Pulsed electric field drives chemical-free membrane stripping for high ammonia recovery from urine

Abstract

Recovering ammonia from waste streams (e.g., urine) is highly desirable to reduce natural gas-based NH3 production and nitrogen discharge into the water environment. Electrochemical membrane stripping is an attractive alternative because it can drive NH4+ transformation to NH3 via cathodic OH− production; however, the conventional configurations suffer from relatively low ammonia recovery (<80 %) and significant acid/material usage for ammonia adsorption.

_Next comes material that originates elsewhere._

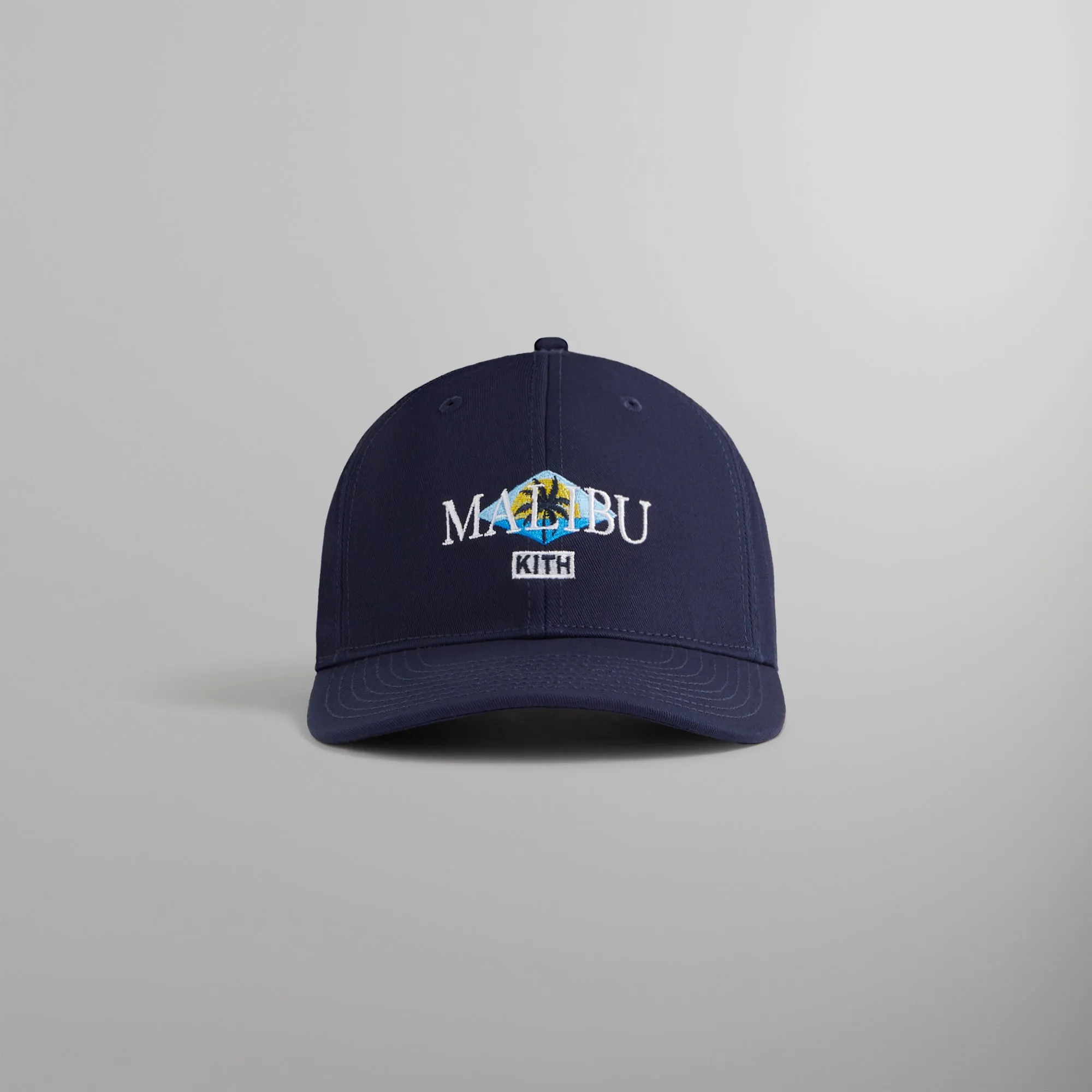 ★24SS 最新作★Kith Malibu Palm Cap Kith Malibu Palm Cap Nocturnal Men's - SS24 - US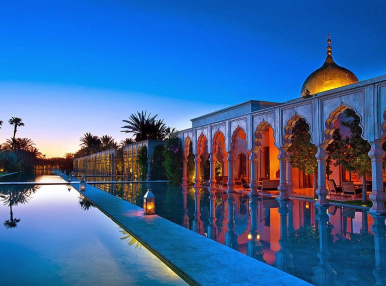 Мароко промо оферти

To this end, we develop a novel stack system that simply uses an oxygen evolution reaction to in-situ produce acid from water, enabling chemical-free ammonia recovery from synthetic urine. In batch mode, the percentage removal and recovery increased respectively from 74.5 % to 97.9 % and 81.8 % to 92.7 % when the electrode pairs increased from 2 to 4 in the stack system. To address the gas-sparging issue that deteriorated ammonia recovery in continuous operation, pulsed electric field (PEF) mode was applied, resulting in ∼100 % recovery under optimized conditions. At an ammonia removal rate of 35.1 g-N m−2 h−1 and electrical energy consumption of 28.9 kWh kg-N−1, our chemical-free system in PEF mode has achieved significantly higher ammonia recovery (>90 %) from synthetic urine. The total cost to recover 1 kg of NH3–N from real human urine was $15.9 in the proposed system. Results of this study demonstrate that this novel approach holds great promise for high ammonia recovery from waste streams, opening a new pathway toward sustainable nitrogen management.